_ACTIVITY_
Repeat the data exactly, leaving out any image.

_PROVIDED DATA_
##############################
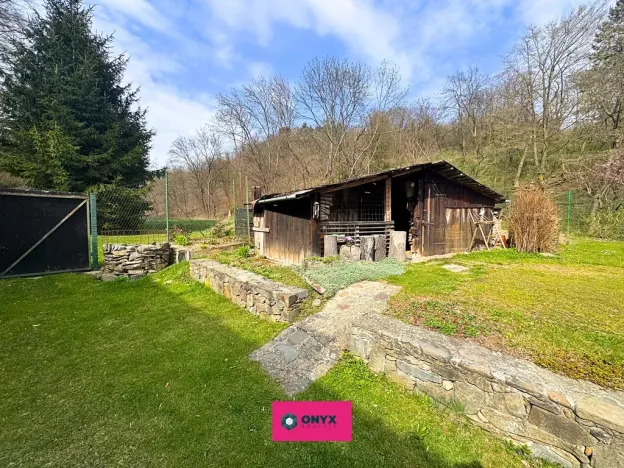 Prodej rodinného domu, Habrovany, 354 m2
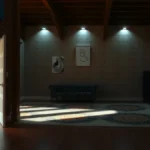 Por que A Origem é considerado a obra-prima de Nolan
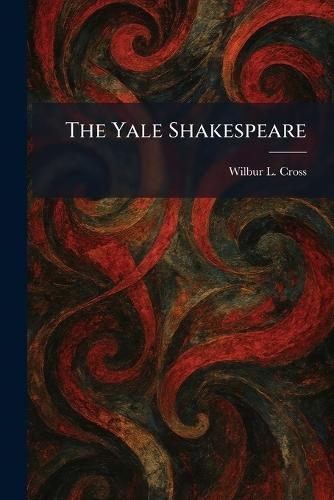 The Yale Shakespeare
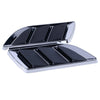 Car Side Air Flow Vent Cover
##############################
_RESULT_
 Prodej rodinného domu, Habrovany, 354 m2
 Por que A Origem é considerado a obra-prima de Nolan
 The Yale Shakespeare
 Car Side Air Flow Vent Cover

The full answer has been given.